In a superficial way, he was wrong.  The memory of Gallipoli didn't fade.  In 2015 we celebrate the day with an over-the-top fervour hardly dreamt of in 1971, with lavish and expensive celebrations, a huge Australian re-invasion of Anzac Cove and commemorations in every suburb and town.  Yet in the midst of this militaristic orgy we are watching a massive forgetting.  Instead of the "mad world of blood death and fire" we celebrate heroism, noble sacrifice, the undaunted warrior.  Meanwhile we continue to blindly send troops to help our colonial masters fight ill-considered wars in faraway Islamic countries and pointlessly sacrifice their lives in the service of some new piece of imperialist folly.

The narrator's amputation is given its second resonance by referencing Banjo Paterson's 'Waltzing Matilda'.  This other iconic Australian song celebrates an older vision of Australia, one that Bogle's narrator is living before the war intervenes - the romance of the swag, Australia as a place of freedom from care, of wandering labourers travelling the vast outback, fighting the elements to carve a new nation out of this arid continent.

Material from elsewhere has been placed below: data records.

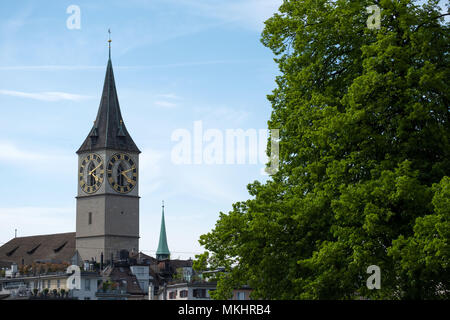 Torre dell'orologio del San Pietro Chiesa evangelica a Zurigo, Svizzera, Europa Foto Stock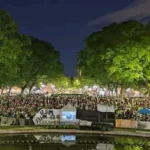Vigilia por el agua: miles de vecinos colmaron la Plaza Independencia antes de la votación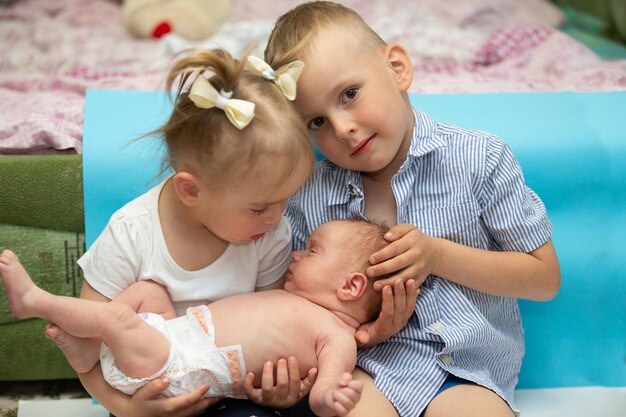 Photo little brother and sister rejoice at the newborn baby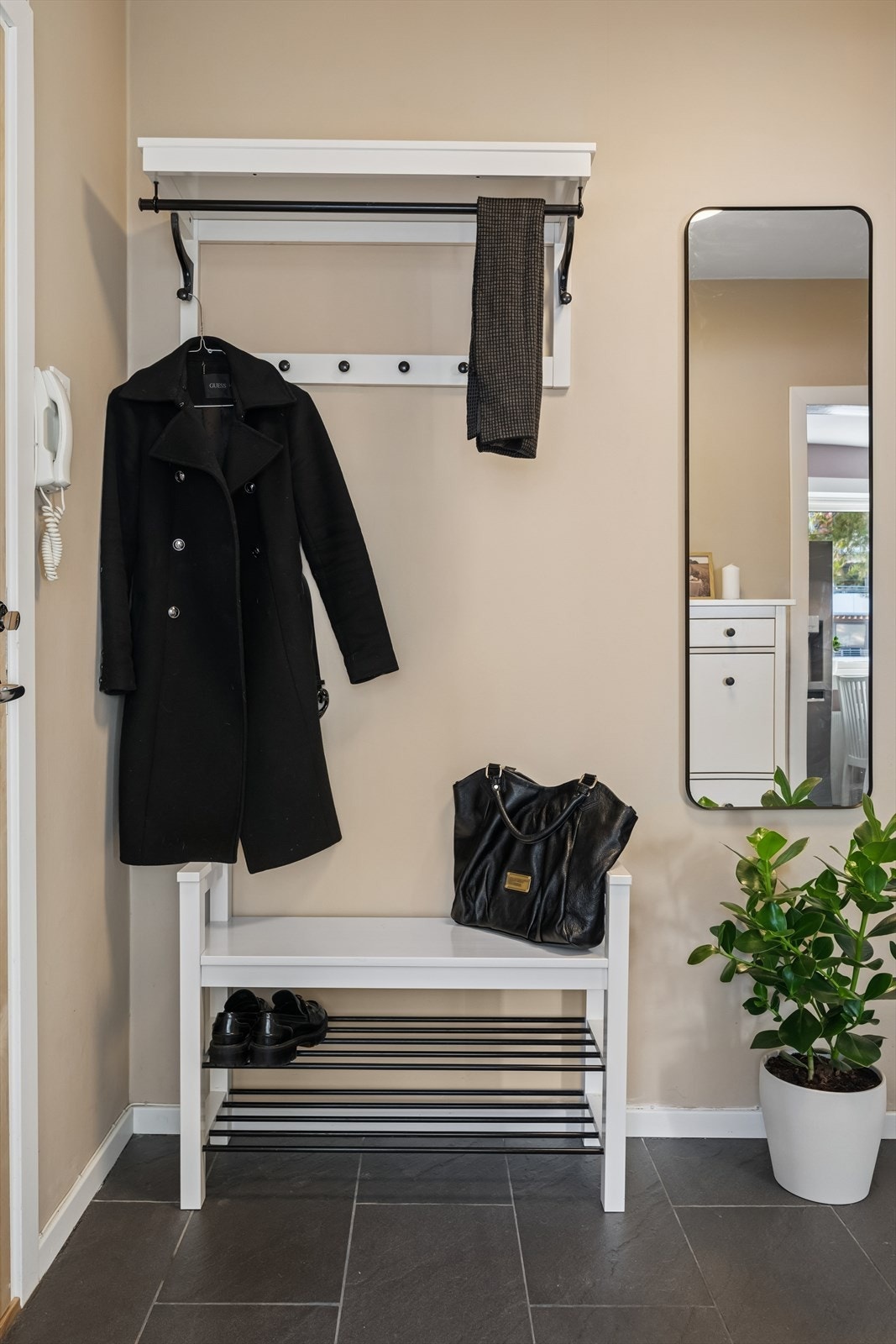 God plass til å henge fra seg yttertøyet samt å sette fra seg skotøy til daglig bruk. Det er satt inn ny inngangsdør (2020). Galleribilde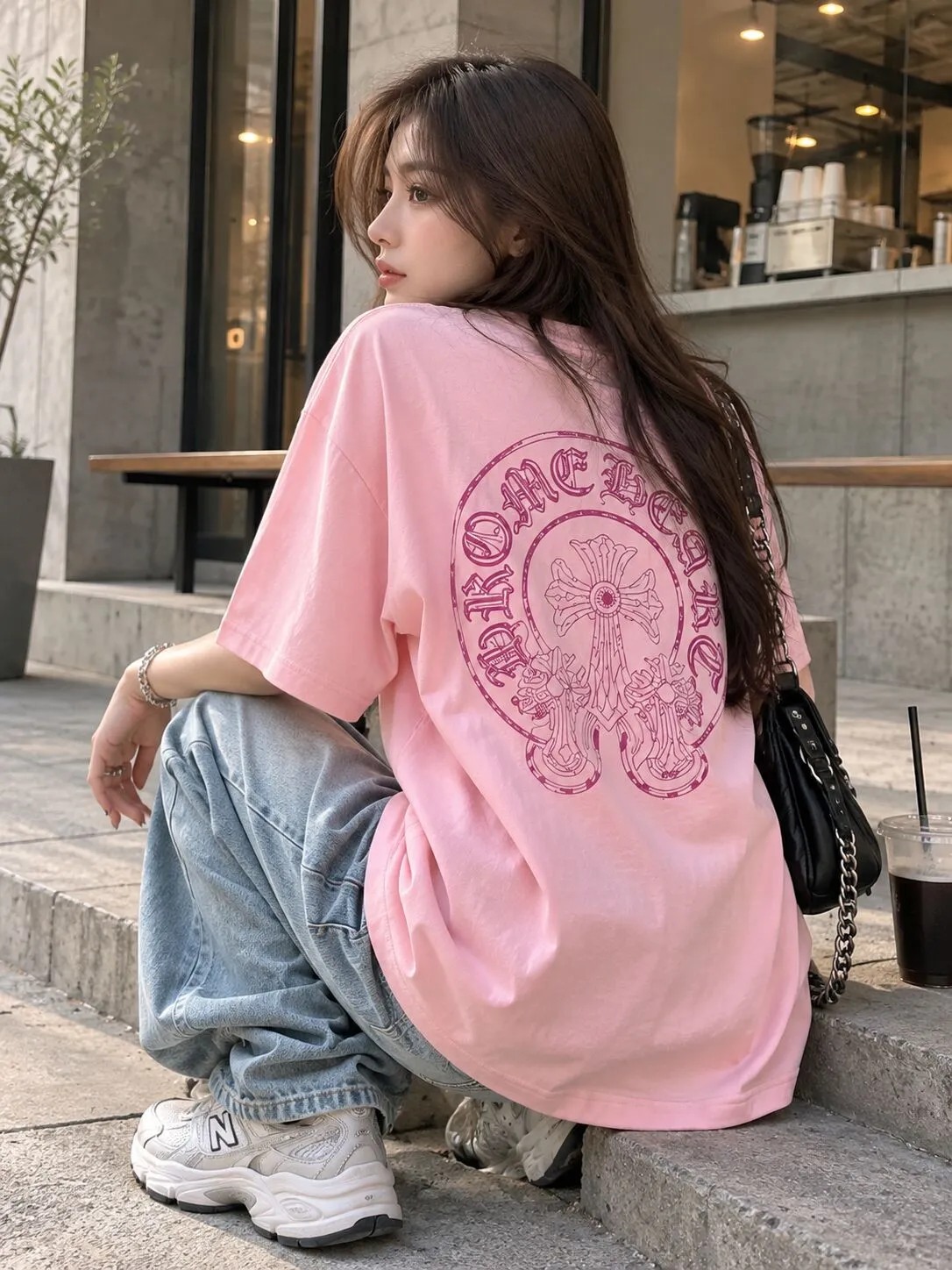 ピンクアクセント半袖Tシャツ (3).webp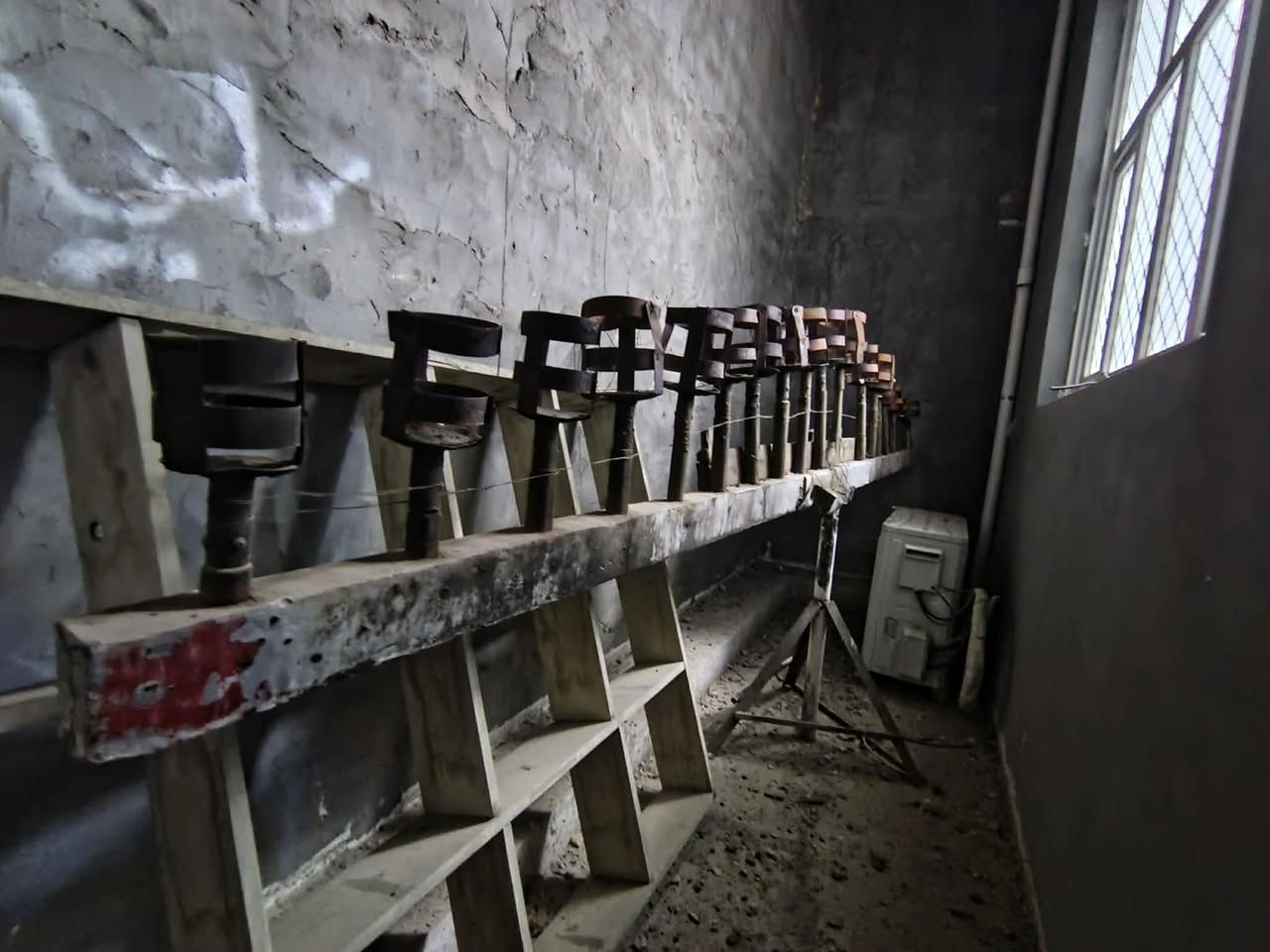 السلام عليكم مشعل هو وقاعده كامل ٢٠ عين طول ٤ ونص متر رايده ب٢٠٠مكاني حله ***********
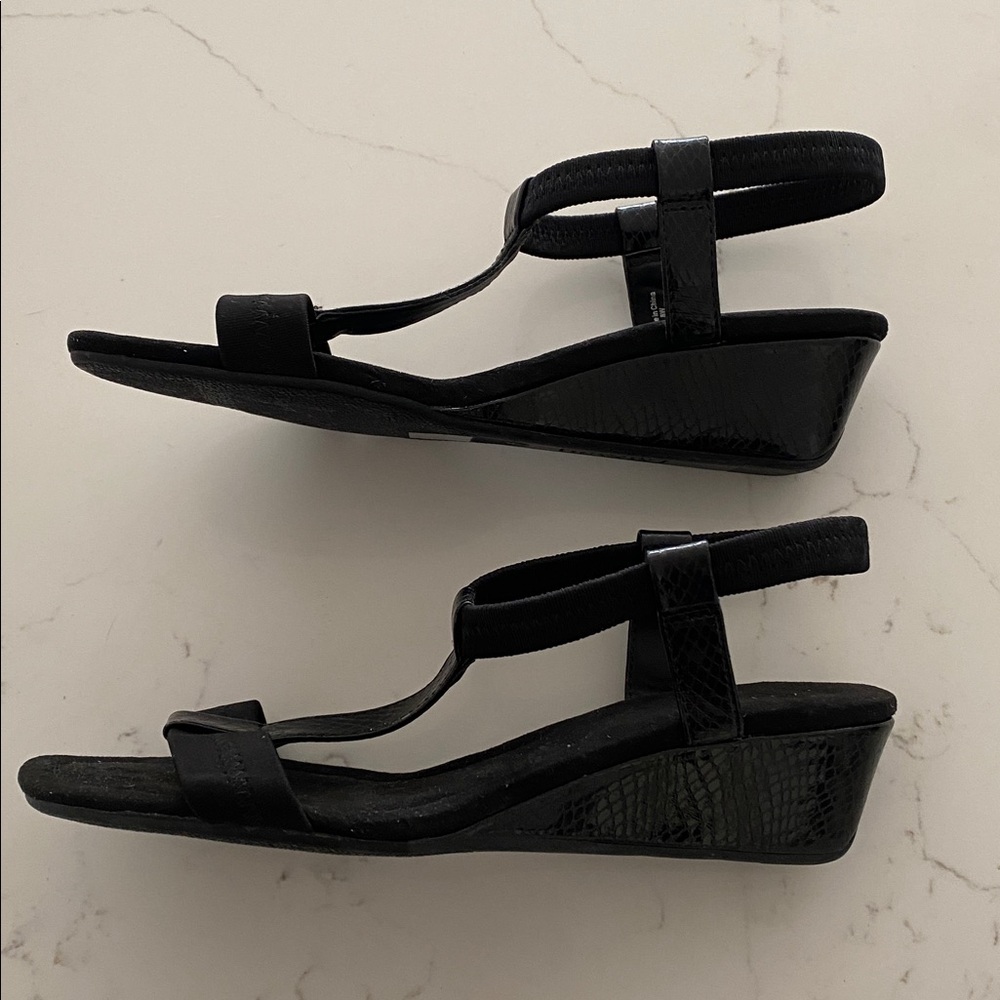 Alfani wedge sandals…Size 8 Wide - Picture 3 of 6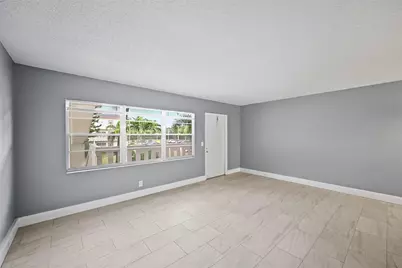 436 Fanshaw K #436, Boca Raton, FL 33434 - Photo 3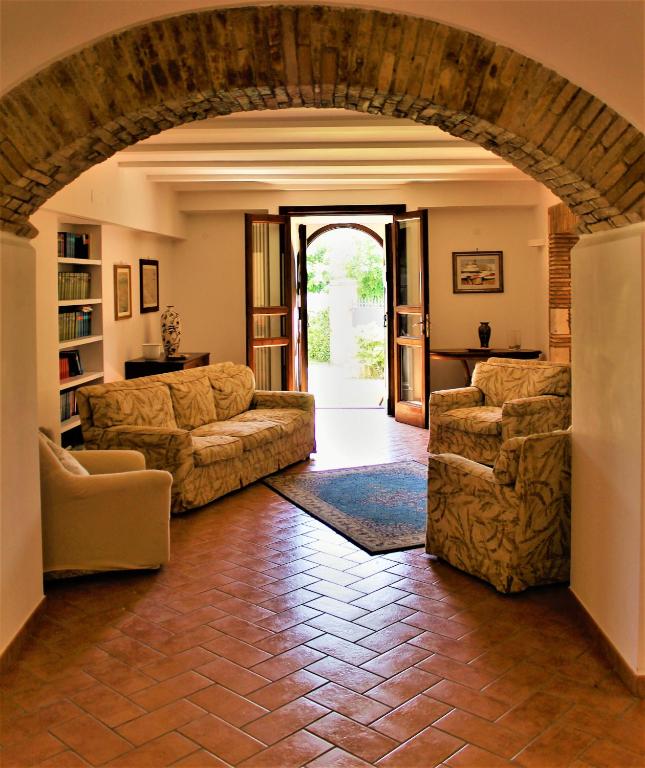 Posezení v ubytování LO SCRIGNO COUNTRY HOUSE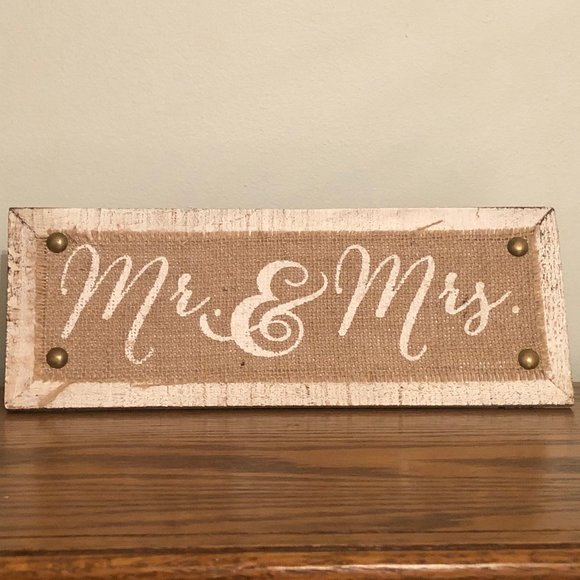 Mr. & Mrs. Sign - Picture 1 of 1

No more.  "It's time to stop rambling, there's work to be done", and the old life can never be resumed.  The band might still play the song, but there is no such thing as a legless swagman.  Australia is a different place.  The "free life of the rover" is replaced by this grim, baffled marching, the old men "all bent, stiff and sore" if they are not confined to the porch.  If Gallipoli was a defining moment for our nation it defined our loss of innocence, the replacement of our romantic pioneering spirit with the serious and bloody business of war.

If we must remember Anzac Day then at least we should refrain from celebrating it.  Instead, the appropriate response is a sustained day of weeping, the donning of sackcloth and ashes and solemn vows to stop making the same mistakes.  Until then, I will be staying home.